The usual fall back position for sloppy writing like this is that we are supposed to ‘suspend disbelief’ as we watch a lot of clearly impossible things happen. And did we like it? Did it make us feel something? Well, I guess confusion is something. So yeah, let’s go with the Ok, I liked it, even if none of it made even the tiniest bit of sense.

Interstellar is basically a ship wreck story where we have replaced a long sea voyage into the unknown with a long space voyage into the unknown, our hero even mentions yachts at one time for reason whatsoever. The difference, of course, is that we know about oceans and boats and islands and such in the real world. None of the stuff in Interstellar exists outside the framework of the film. A planet orbits a black hole, a tiny ship creates its own gravity by spin, the future and the past are pretty much the same place, and Some Body Out There Likes Us.

Truth be told, Interstellar could be giving an accurate account of things that we don’t really know. These are things that we might never be known, such as what it’s like to go into a wormhole or a black hole.
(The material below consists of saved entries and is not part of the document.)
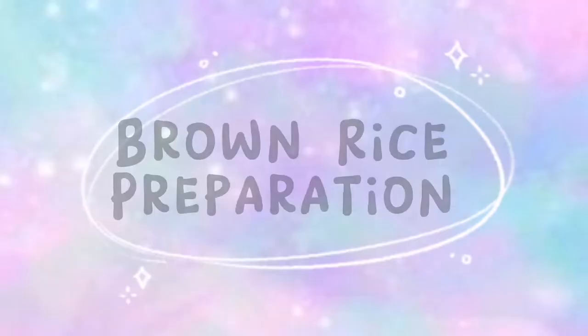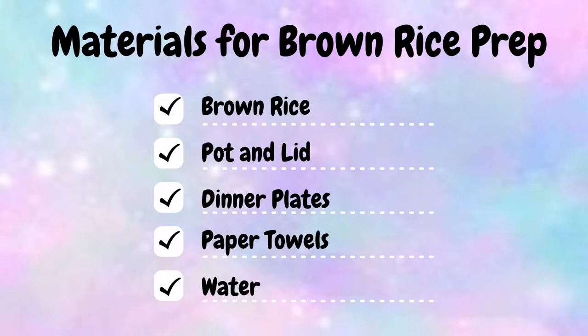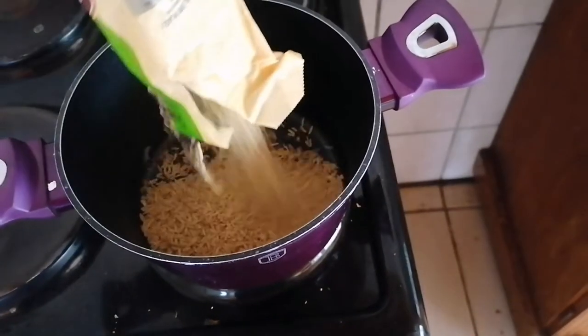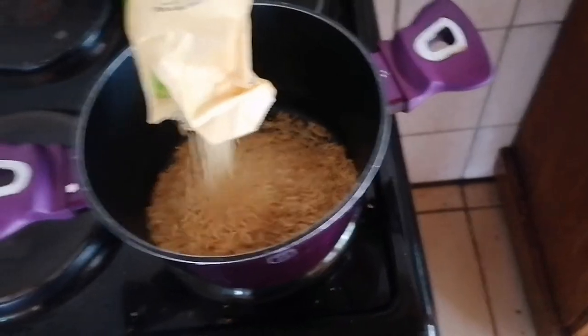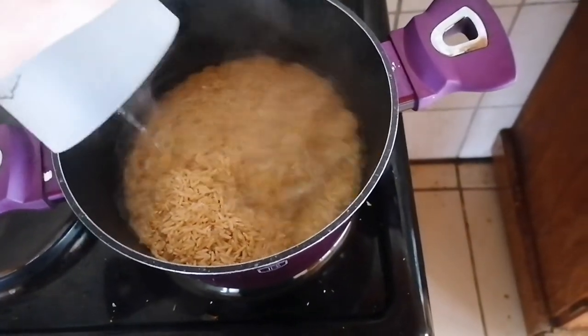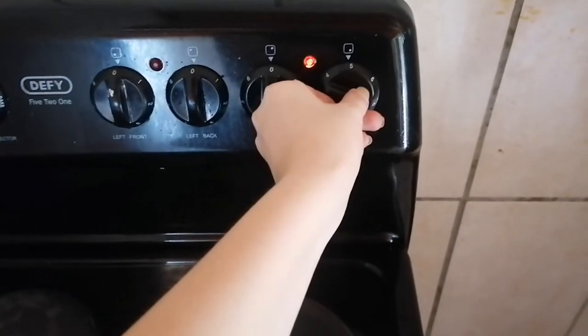First we need to prep our rice. To prepare our brown rice we need a few things: brown rice, a pot and a lid, dinner plates, paper towels, and water. The first step is to take a pot, fill it with however much rice you need, then add water so that there is about an inch of water above the rice. Turn it on and let it cook.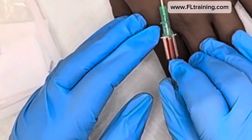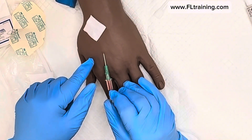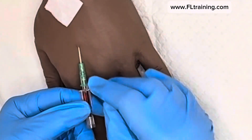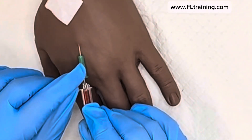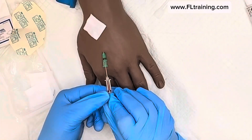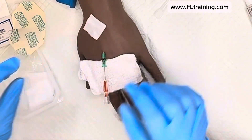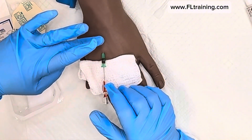Once you pause, go in just a centimeter or two more — you don't want to go so far with the needle that you go through the vein. Now I'm going to advance just the catheter — the plastic part. As you can see, I'm getting quite a bit of backflow or backflash, which tells me my patient is probably going to start bleeding.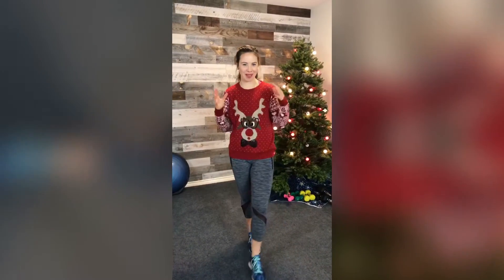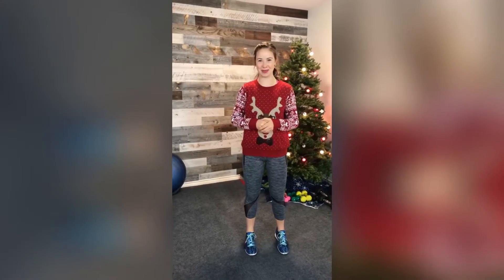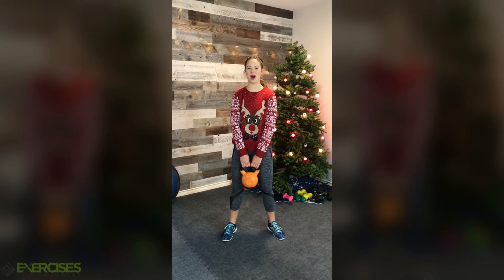Hey guys, this is Shanna from Exercises for Injuries, and today I want to welcome you to something very special. This is our 12 different exercises until Christmas. Day 9: kettlebell swing to squat.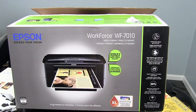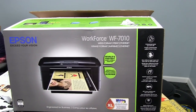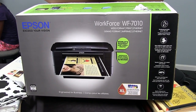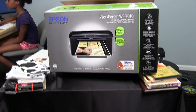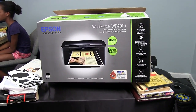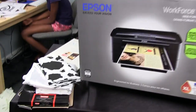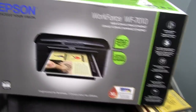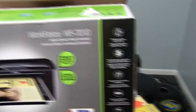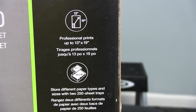This printer here — I think we paid $179 for it. We had the Canon one as you saw in the other video, but I decided to swap it out and get this one because I do a lot of printing on some other stuff — DVD labels, DVD covers, CD covers, etc. Plus this particular printer is a wide format printer that prints up to 13 by 19 inch paper.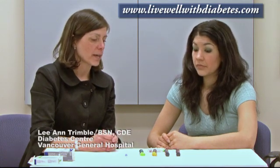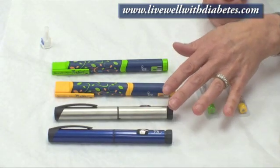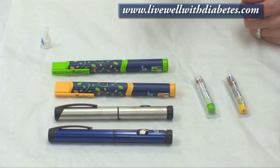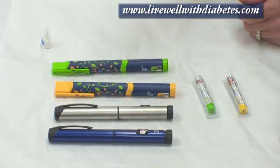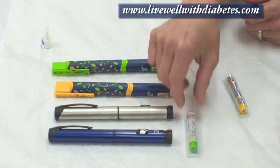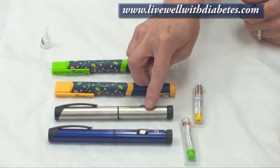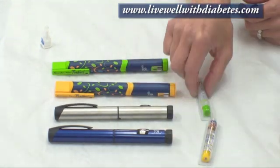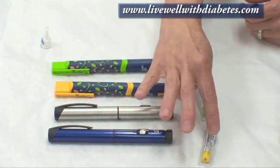Now I'm going to show you the Novolin pen, which comes in different colors. These two are called the Novolin Pen 4 and they differ only by color — the actual mechanics are exactly the same. They're different colors because people take different kinds of insulin; one insulin will be used with one pen and the other insulin with the other pen. They can switch whichever insulin goes in whichever pen they desire.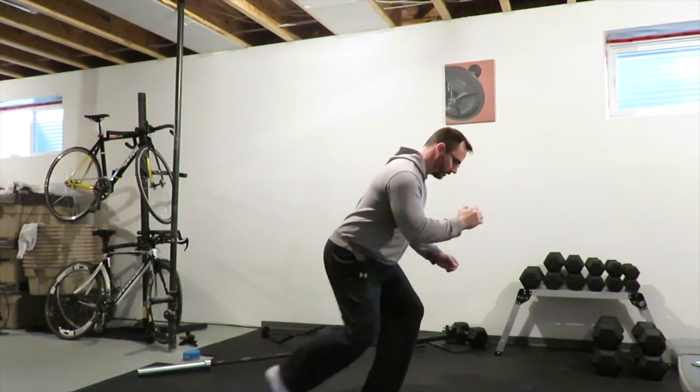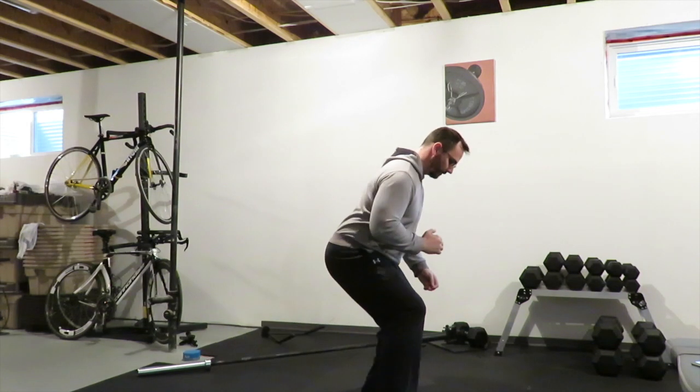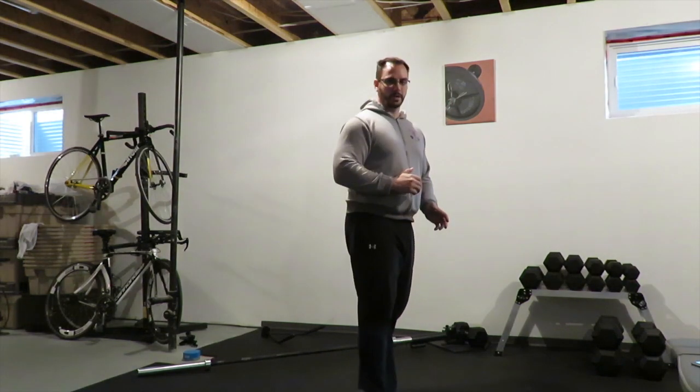You're going to slide the leg back into a lunge, bring the leg forward. Slide the leg back, squeeze the glute, bring the leg forward. You can use a bow slide to do this, or just try to maintain pressure on your legs.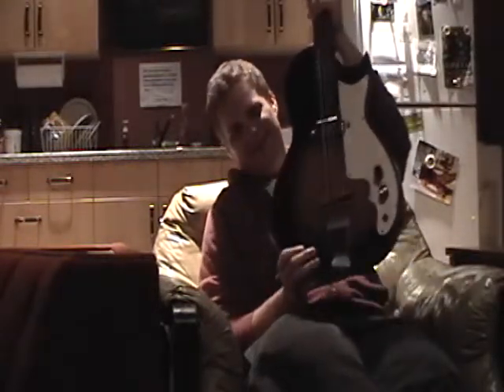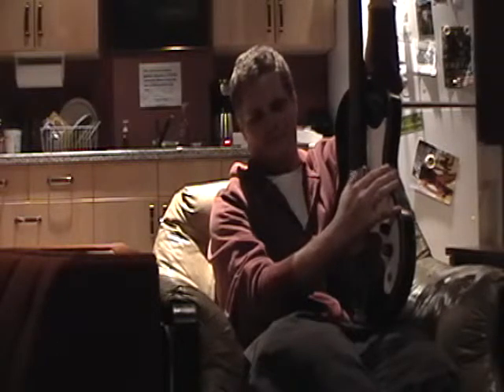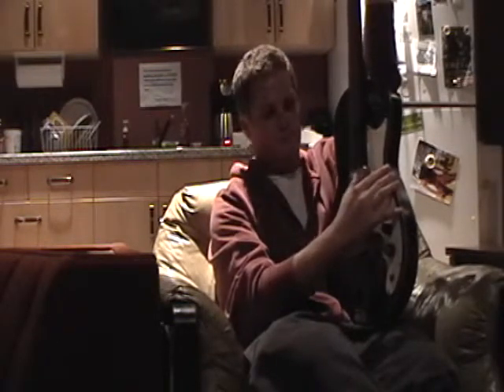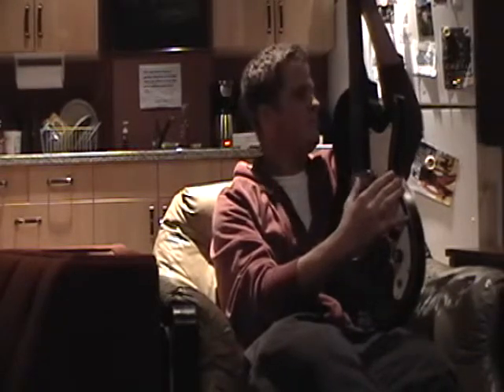What are you thinking about right now? How much I want to steal that bass and bring it over to me — it's a nice little semi, looks like the Hofner club bass. I believe it's a K bass, which is probably not very good, but I keep going back and playing it. I'd really love to bring it home.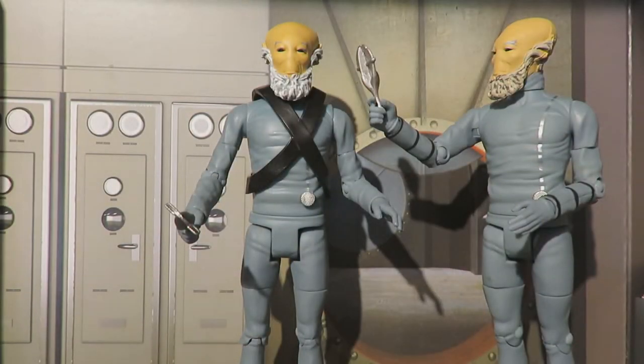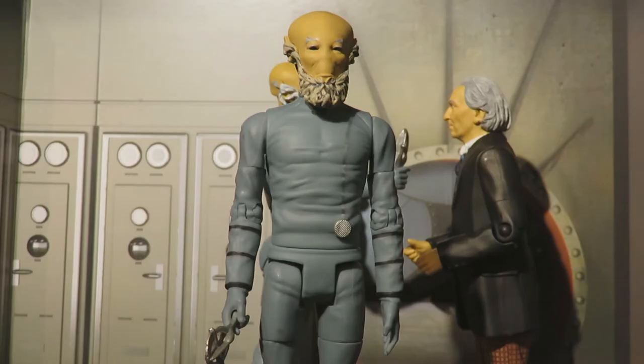Moving on to the final two figures in this set - the Sensorites. It's just incredible to have new Doctor Who monsters from the 1960s; this feels truly special. It's very surreal seeing them in a shop - having Sensorite figures from the 1960s in B&M stores is absolutely wonderfully bizarre and I love it. Let's take a look at the articulation and then the detail for the Sensorites themselves.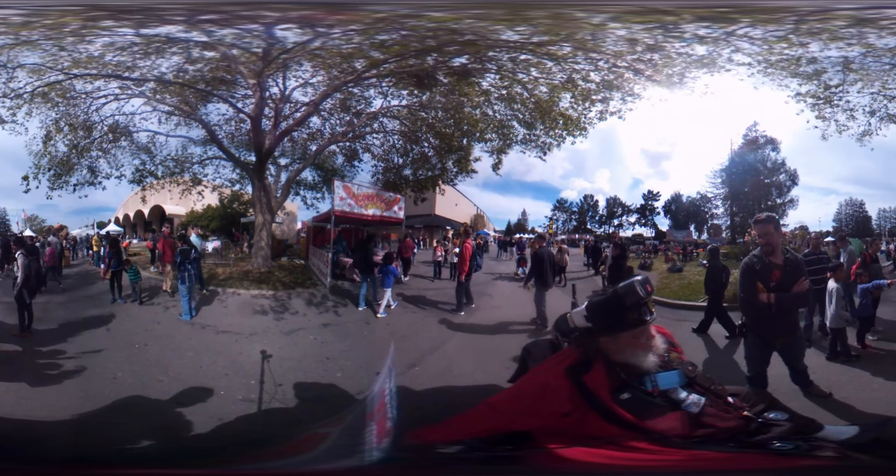I'm looking forward to getting my hands on some of the Gear 360s and getting some decent resolution finally. I love my Theta, but the video resolution is pretty bad. I love the bubble cam, but it tends to be very finicky.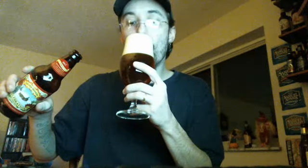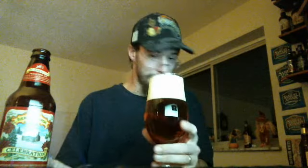Kind of an aggressive pour because I like to get the aromas — I'm not trying to record a commercial here. That carbonation is going wild in there. I did rip just a tiny bit right off there. I like to wear my beer sometimes. A little there — smells good.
One of the major problems that they just kind of skip over has to do with our main hero going to a planet close to a black hole, where time moves a lot faster than normal. One of the guys stays on the ship and ages about twenty years. Ok, so what did he eat? We are told many times that everyone on earth is starving to death, so there are no food Replicators ala Star Trek. Even if he had wanted to stay awake all that time, there’s no way he could have. We even met another character a few scenes later that says he ran out of supplies pretty quickly and had to put himself into cold sleep.

Interstella was fun to watch and they did leave the door open for a sequel. Does it rank up there with 2001 or The Terminator or The Matrix or Alien? No, not really. But it is right in the same ballpark as Gravity.